• **LISTED RECORDS**
________
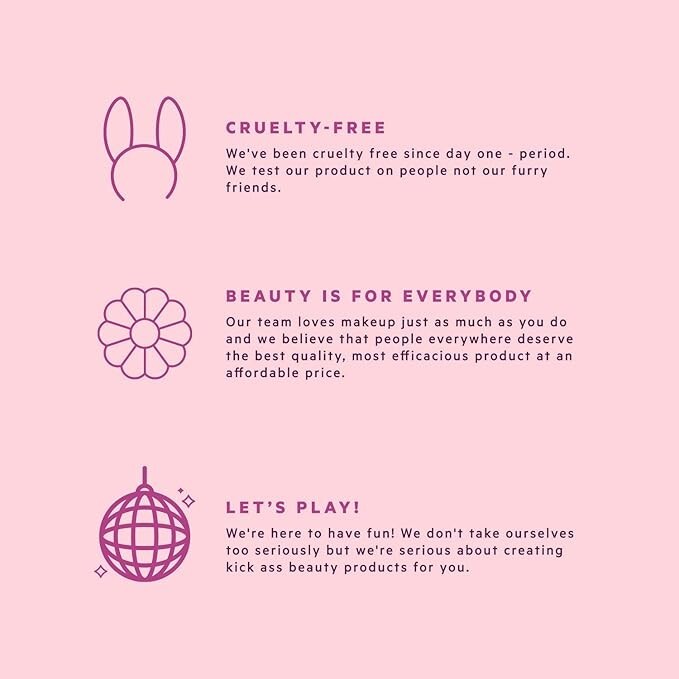 Flower Beauty Petal Pout Nourishing Lipstick #045 Chestnut Kiss Cream 0.11oz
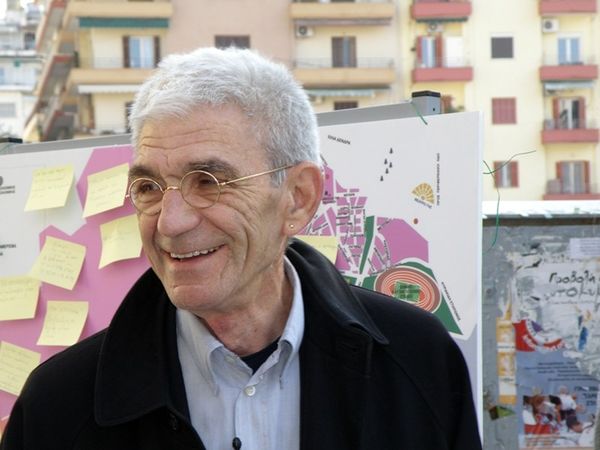 Παίρνει τη σκυτάλη η Θεσσαλονίκη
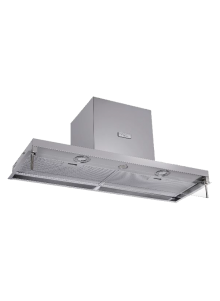 CHAMINÉ DECORATIVA TEKA - INTEGRA 96750 POS IX SS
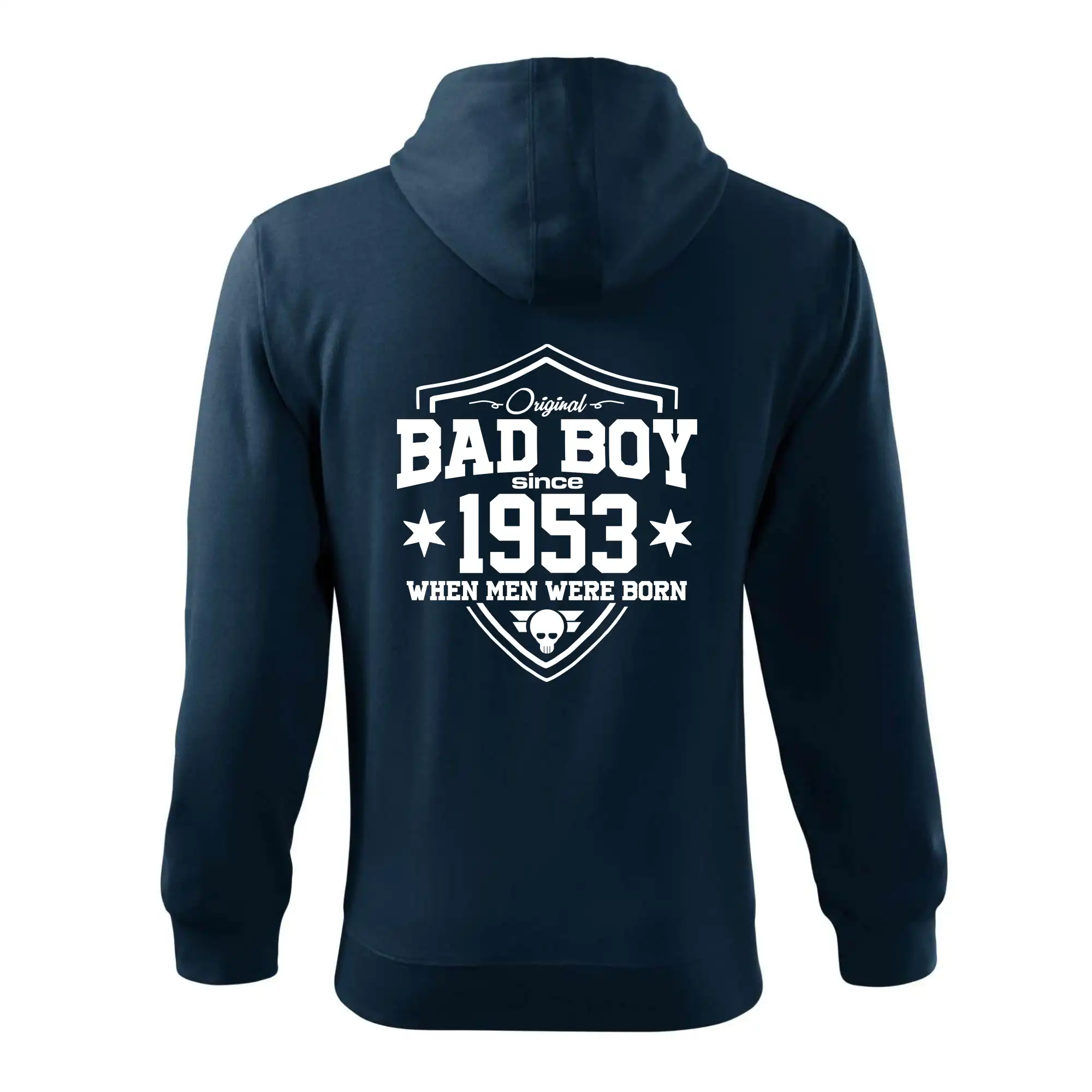 Bad boy since 1953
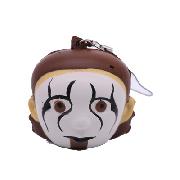 PU cartoon hole ball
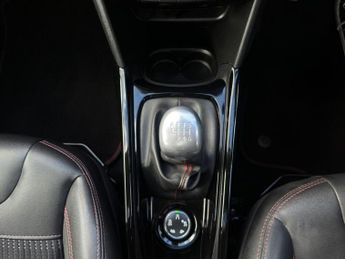 Peugeot 2008 1.2 PureTech GPF GT Line Euro 6 (s/s) 5dr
________
• **INSTRUCTIONS FOR THE TASK**
Retype the lines exactly as they appear, beginning with the line that contains "CHAMINÉ DECORATIVA TEKA" and ending with the final line of the entries, and omit the pictures.

• **RESPONSE BOX**
 CHAMINÉ DECORATIVA TEKA - INTEGRA 96750 POS IX SS
 Bad boy since 1953
 PU cartoon hole ball
 Peugeot 2008 1.2 PureTech GPF GT Line Euro 6 (s/s) 5dr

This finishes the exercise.